Do these company names sound familiar? Well you may have seen them named and shamed in Market Forces’ Out of Line, Out of Time report earlier this year. The report recommended superannuation funds divest from 21 companies in the ASX300, as they are actively undermining the climate goals of the Paris Agreement by expanding the scale of the fossil fuel industry and basing their business plans on scenarios that would doom Paris to failure.
Three other companies – AGL, BHP and Origin – were found to be acting similarly, but had shown progress towards bringing their business into line with the Paris climate goals. These companies were given a year to act to get themselves off the divestment list.
The writing’s on the wall
It seems the Norwegian Sovereign Wealth fund’s patience has run out.
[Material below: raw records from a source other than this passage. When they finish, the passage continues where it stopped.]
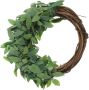 6PIECE Rattan Rings Decorative Green Faux Leaf Napkin Holders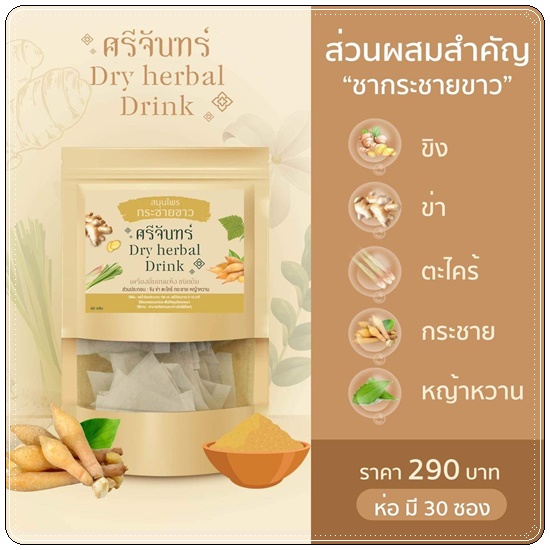 สมุนไพรกระชายขาว ศรีจันทร์ Dry Herbal Drink
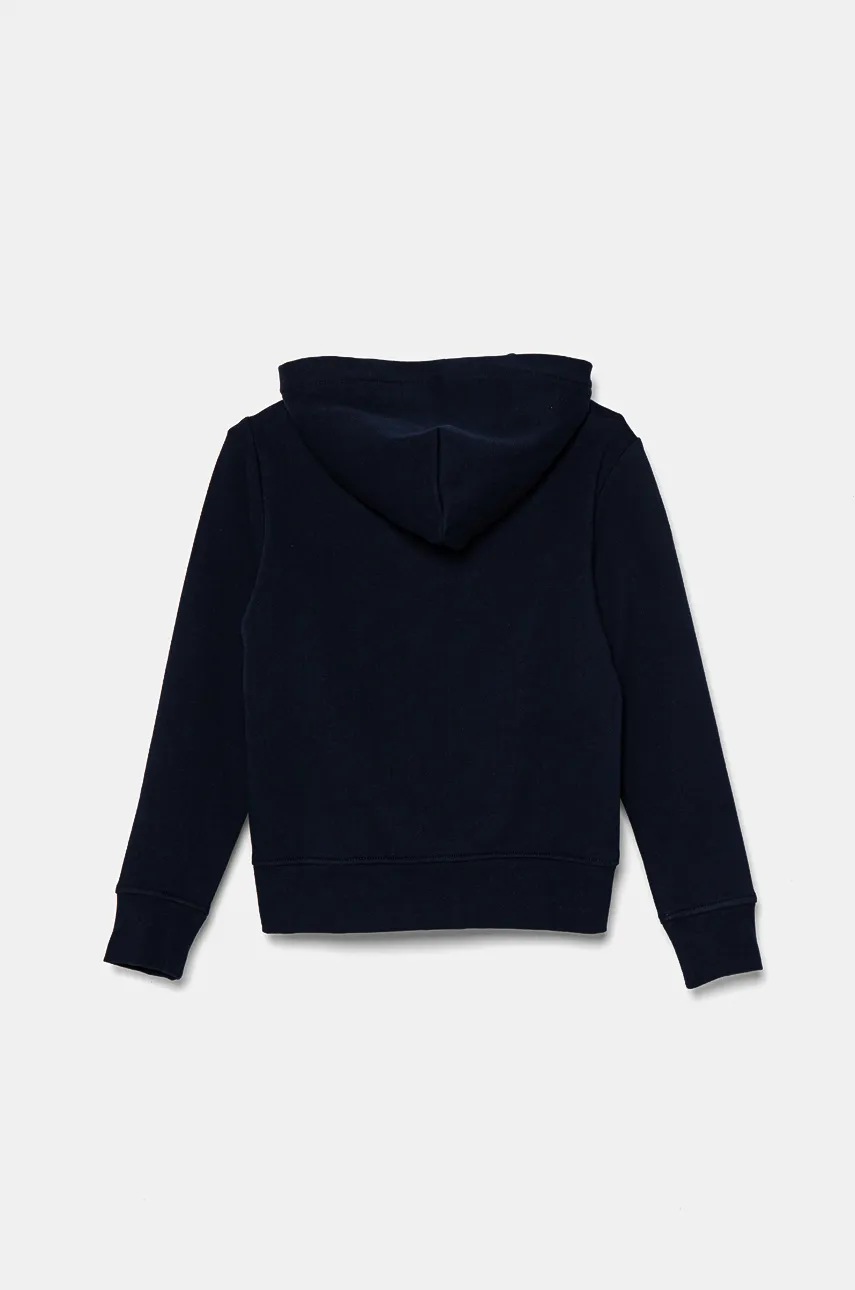 Детская кофта Polo Ralph Lauren цвет синий с капюшоном с аппликацией 323962117002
The message from the $1.5 trillion fund is clear: there is no future in fossil fuel investments.
And that’s a message that needs to be heard by Australia’s $2.7 trillion superannuation industry.
To date, just three of the country’s 50 largest super funds have any sort of fund-wide fossil fuel exclusion policy:
- Local Government Super excludes investments in companies deriving more than a third of revenue from coal mining, tar sands, or coal-fired power.
- Vision Super announced in November 2018 it would be divesting from companies that generate more than 25% of revenue from thermal coal and tar sands.
- Hesta’s core option has, since 2014, excluded new investments in companies that derive 15% of revenue or net value from thermal coal exploration or development of new or expansionary thermal coal mines.
While these policies are all miles behind the action taken by GPFG, they are ahead of the pack amongst Australia’s biggest super funds.
GPIF has shown the kind action that’s required of investors wanting to align their portfolios with the goal of limiting global warming to 1.5°C. Australian investors, including our super funds, must step up and immediately divest from all companies that are actively undermining the Paris climate goals.